_Aim of the exercise_
With the pictures set aside, return the lines below exactly, beginning at the first and ending at the line containing "家でスマホを持って笑う小学生の男の子 129238337".

_Entries provided_
※

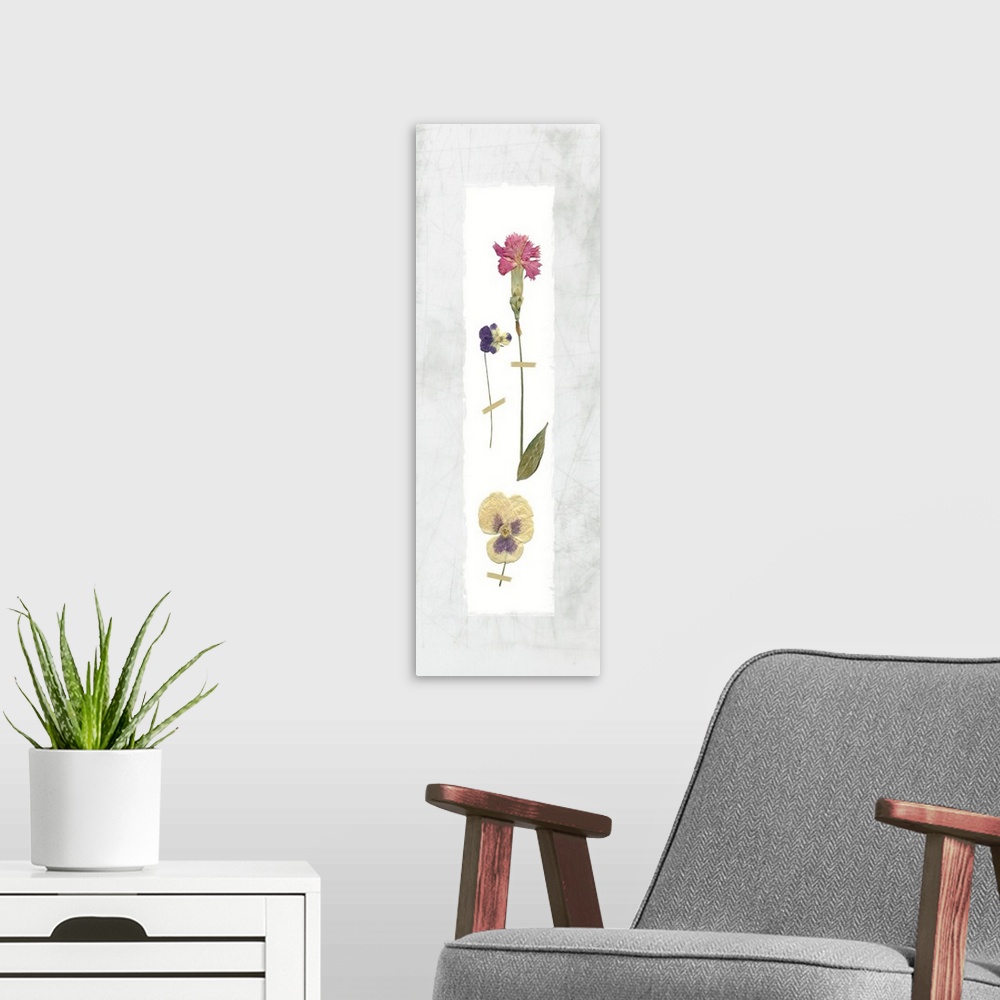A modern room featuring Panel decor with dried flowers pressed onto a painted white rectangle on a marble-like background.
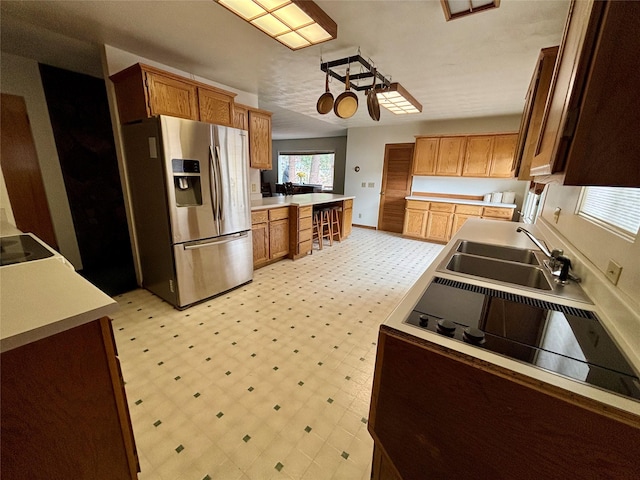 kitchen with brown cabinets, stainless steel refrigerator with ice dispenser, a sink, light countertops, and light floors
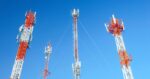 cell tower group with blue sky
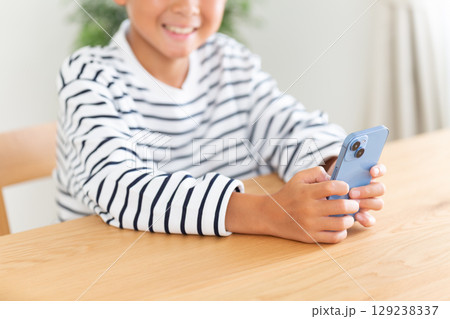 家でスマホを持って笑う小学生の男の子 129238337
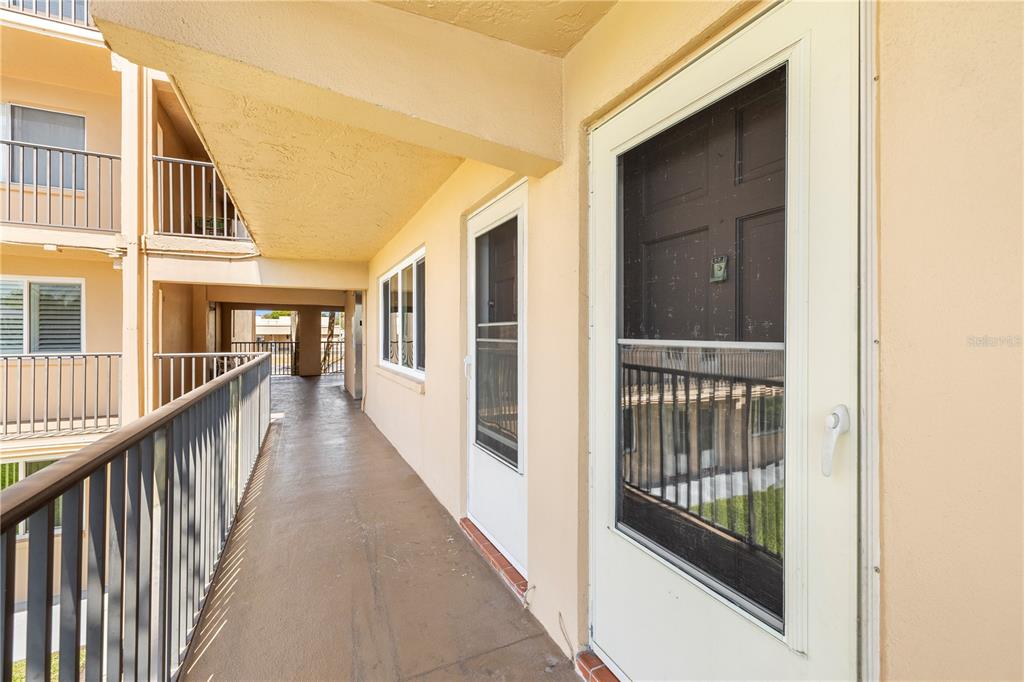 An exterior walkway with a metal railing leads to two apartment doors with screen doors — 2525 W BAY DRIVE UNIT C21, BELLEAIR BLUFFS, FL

※

_Answer_
A modern room featuring Panel decor with dried flowers pressed onto a painted white rectangle on a marble-like background.
 kitchen with brown cabinets, stainless steel refrigerator with ice dispenser, a sink, light countertops, and light floors
 cell tower group with blue sky
 家でスマホを持って笑う小学生の男の子 129238337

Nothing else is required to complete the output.